With the entries below as the source, tally the lines that contain the string "background" and give the number only.

----- Data provided

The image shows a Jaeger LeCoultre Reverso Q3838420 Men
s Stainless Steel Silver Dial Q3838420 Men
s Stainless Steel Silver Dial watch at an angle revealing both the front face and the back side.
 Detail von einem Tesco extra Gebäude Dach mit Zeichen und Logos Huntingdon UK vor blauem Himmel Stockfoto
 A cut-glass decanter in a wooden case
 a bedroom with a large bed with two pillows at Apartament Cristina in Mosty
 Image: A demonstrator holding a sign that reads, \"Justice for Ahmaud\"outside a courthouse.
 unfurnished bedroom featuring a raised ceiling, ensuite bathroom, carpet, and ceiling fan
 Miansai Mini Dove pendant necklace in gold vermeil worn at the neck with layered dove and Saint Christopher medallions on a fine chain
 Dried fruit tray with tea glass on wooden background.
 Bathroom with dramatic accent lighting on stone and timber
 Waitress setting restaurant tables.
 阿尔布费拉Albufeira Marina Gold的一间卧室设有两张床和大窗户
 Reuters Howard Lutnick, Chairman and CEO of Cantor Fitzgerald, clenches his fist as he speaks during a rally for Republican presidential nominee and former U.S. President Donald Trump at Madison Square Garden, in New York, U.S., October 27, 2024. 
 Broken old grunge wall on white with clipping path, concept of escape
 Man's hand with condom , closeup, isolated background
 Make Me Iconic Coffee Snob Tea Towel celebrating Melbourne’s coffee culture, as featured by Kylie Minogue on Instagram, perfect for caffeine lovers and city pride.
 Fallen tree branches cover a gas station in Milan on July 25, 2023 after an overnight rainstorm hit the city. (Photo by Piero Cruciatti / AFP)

----------

*Solution to the problem*
2